= Pickardstown ambush =

Failed IRA ambush against the RIC, 1921

The Pickardstown ambush, an action in the Irish War of Independence, took place near the town of Tramore, County Waterford on the night of 6 January 1921.

==The ambush==
The ambush was conceived by Paddy Paul, the leader of the IRA East Waterford Brigade, who gathered Volunteers from the local Dunhill and Waterford City units of his command as well as the West Waterford flying column led by George Lennon. This made for a total of fifty men although several were armed only with shotguns.

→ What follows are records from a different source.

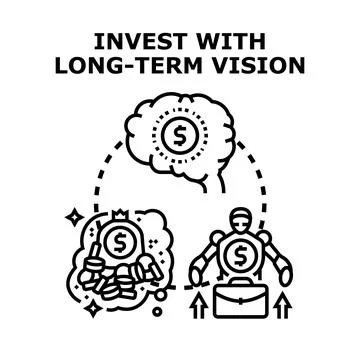 Long term vision investing using financial technology strategy Stock Illustration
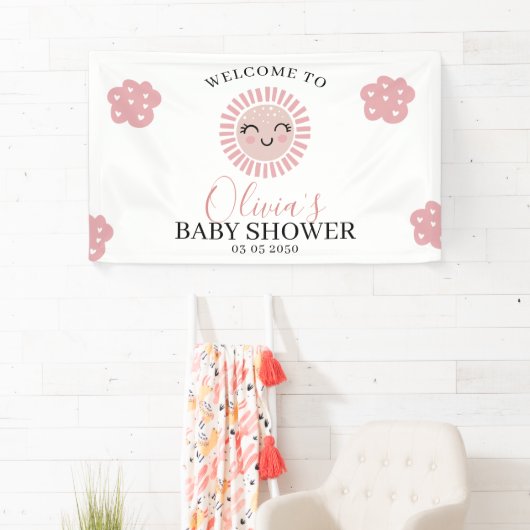 Roze Sunshine Meisje Baby shower Welkom Spandoek (Insitu)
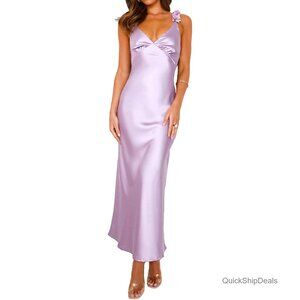 Satin Spaghetti Strap V-Neck Midi Dress, Backless Formal Wedding Guest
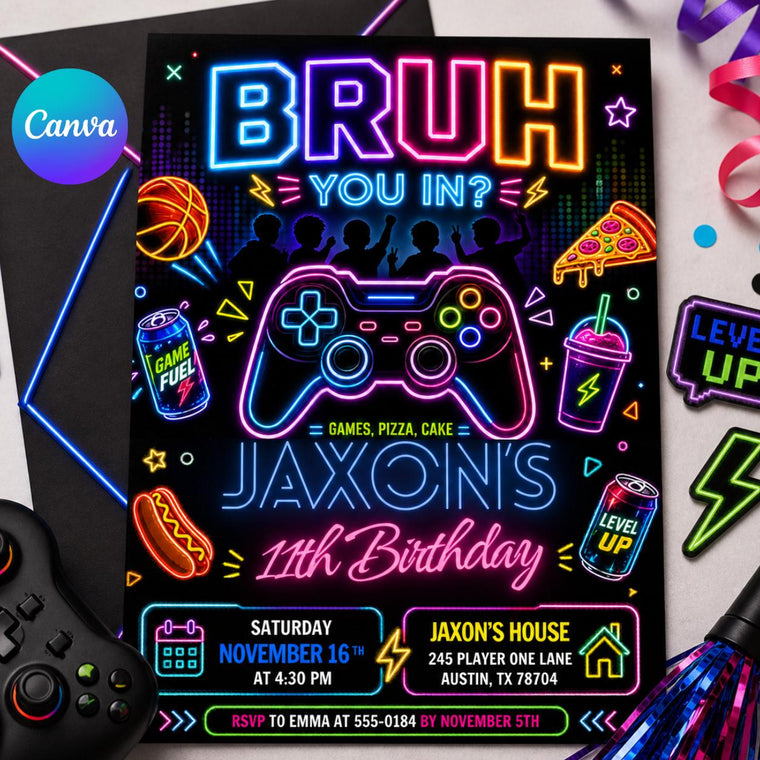Neon Bruh Gaming 11th Birthday Invitation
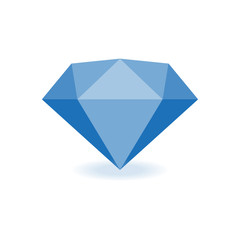 Diamond logo. Blue diamond symbol. Jewelry shop sign.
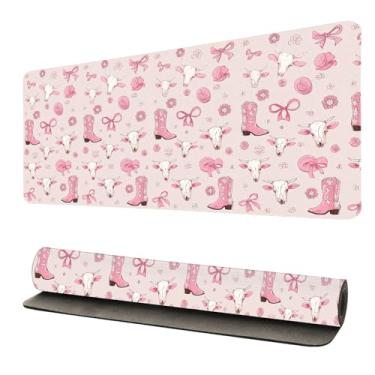 Imagem de Tapete de mesa rosa padrão ocidental para mulheres, teclado grande de couro PU com base antiderrapante para escritório, jogos e decoração de casa, presente 81,5 x 40,7 cm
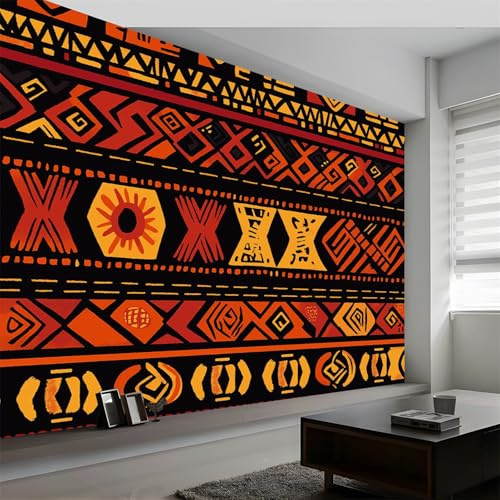 Générique Art Papier Peint Intissé Impressions traditionnelles africaines, Art Ethnique Traditionnel Papier Peint Photo 450 x 315 cm (L x H), pour Fresque Murale 3D HD pour Salon Chambre Cuisine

An attack was made on the RIC barracks in Tramore which lured reinforcements from the British military garrison in Waterford City. Four Crossley tenders were quickly dispatched with forty troops on board. However, the ambush had been badly planned with the result that the British troops were able to make a determined counterattack, ultimately killing two IRA men - Michael McGrath (the first Waterford City Volunteer killed in the Irish War of Independence) and Thomas O'Brien and wounding two more. One British soldier and one Black and Tan were wounded.

For further information about the Pickardstown Ambush visit: https://www.pickardstown-ambush.ie

==Commemoration==
A memorial was later erected on the ambush site.

In later years, local GAA fields were named after the two dead IRA men.